Crawled caption data:
########

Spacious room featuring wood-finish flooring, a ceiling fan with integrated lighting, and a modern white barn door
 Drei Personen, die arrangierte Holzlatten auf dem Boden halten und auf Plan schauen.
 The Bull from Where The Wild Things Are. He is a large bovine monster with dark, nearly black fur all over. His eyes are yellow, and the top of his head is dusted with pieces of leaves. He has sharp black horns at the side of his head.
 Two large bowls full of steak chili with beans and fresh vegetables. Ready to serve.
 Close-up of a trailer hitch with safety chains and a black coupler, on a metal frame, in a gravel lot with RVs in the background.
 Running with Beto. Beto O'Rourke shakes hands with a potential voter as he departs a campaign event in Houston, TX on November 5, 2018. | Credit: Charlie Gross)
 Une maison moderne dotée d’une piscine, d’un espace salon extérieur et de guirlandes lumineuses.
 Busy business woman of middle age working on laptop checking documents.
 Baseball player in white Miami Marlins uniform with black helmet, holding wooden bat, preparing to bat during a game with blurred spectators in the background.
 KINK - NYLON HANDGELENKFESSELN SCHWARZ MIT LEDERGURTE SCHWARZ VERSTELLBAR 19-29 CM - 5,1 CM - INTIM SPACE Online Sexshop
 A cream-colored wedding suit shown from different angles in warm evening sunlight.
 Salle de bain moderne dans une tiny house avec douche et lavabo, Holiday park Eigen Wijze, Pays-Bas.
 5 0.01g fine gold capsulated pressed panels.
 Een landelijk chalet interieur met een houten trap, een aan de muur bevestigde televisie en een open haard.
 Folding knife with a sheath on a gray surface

########

What you need to do –
Your task is to find each line in the entries that contains the string "from" and copy it.

Answer to this task –
 The Bull from Where The Wild Things Are. He is a large bovine monster with dark, nearly black fur all over. His eyes are yellow, and the top of his head is dusted with pieces of leaves. He has sharp black horns at the side of his head.
 A cream-colored wedding suit shown from different angles in warm evening sunlight.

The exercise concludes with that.